Assignment
Repeat everything in the listing exactly, except for the images.

Data segment
++++

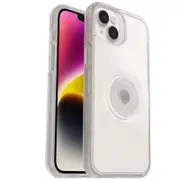 OtterBox Apple iPhone 14 Plus Otter + Pop Symmetry Series Clear Case - Stardust Pop (Clear Glitter) (77-88789)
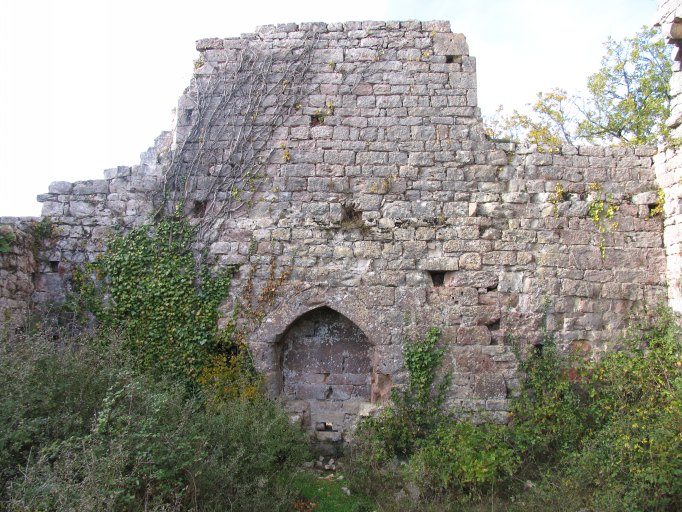 château fort du Bastit (dit aussi de Taillefer)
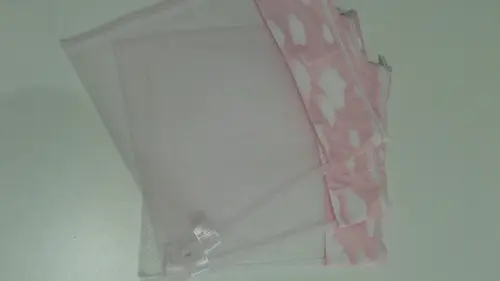 Saquinho organizador para bolsa de maternidade 3 unidades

++++

Task solution
 OtterBox Apple iPhone 14 Plus Otter + Pop Symmetry Series Clear Case - Stardust Pop (Clear Glitter) (77-88789)
 château fort du Bastit (dit aussi de Taillefer)
 Saquinho organizador para bolsa de maternidade 3 unidades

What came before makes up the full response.